Description of the task
Report every line of the records below that includes the string "Driving".

The data
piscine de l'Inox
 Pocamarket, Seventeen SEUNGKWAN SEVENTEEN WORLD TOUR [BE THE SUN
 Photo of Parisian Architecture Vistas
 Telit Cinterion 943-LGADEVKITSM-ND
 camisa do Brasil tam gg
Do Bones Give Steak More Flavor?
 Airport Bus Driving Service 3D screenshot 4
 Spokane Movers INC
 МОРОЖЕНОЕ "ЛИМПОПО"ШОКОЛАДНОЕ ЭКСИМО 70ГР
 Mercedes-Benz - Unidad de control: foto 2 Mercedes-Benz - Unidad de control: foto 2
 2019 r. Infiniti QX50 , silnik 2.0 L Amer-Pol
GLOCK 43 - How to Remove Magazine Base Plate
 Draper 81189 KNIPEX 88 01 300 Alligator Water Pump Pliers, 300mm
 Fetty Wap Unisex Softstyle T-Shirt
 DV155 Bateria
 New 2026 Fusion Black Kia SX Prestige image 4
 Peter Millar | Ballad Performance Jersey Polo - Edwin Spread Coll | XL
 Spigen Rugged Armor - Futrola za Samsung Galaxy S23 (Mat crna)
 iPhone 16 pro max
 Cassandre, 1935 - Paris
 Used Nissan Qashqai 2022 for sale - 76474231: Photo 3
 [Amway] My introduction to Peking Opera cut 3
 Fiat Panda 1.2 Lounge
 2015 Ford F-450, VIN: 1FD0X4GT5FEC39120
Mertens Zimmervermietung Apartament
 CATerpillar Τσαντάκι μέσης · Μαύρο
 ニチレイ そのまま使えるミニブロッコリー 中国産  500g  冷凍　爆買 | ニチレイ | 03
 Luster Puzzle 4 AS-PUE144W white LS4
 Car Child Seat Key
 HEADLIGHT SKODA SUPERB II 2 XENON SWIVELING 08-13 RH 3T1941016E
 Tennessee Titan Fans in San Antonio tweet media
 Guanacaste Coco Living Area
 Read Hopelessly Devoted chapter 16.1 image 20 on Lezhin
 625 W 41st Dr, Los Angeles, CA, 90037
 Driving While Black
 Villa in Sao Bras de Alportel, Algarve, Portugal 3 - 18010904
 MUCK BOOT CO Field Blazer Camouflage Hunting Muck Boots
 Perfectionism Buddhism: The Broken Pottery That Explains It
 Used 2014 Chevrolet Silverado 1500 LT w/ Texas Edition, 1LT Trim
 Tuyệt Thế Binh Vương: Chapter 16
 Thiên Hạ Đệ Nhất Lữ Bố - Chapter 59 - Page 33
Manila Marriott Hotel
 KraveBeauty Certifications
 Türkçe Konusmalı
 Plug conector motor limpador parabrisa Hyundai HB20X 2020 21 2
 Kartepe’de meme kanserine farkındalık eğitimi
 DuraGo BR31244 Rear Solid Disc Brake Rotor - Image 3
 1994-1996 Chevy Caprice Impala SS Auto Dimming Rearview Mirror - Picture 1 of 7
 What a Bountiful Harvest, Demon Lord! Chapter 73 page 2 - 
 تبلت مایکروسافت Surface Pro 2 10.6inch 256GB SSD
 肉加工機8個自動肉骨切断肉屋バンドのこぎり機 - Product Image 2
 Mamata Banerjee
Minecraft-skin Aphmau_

Task solution
 Airport Bus Driving Service 3D screenshot 4
 Driving While Black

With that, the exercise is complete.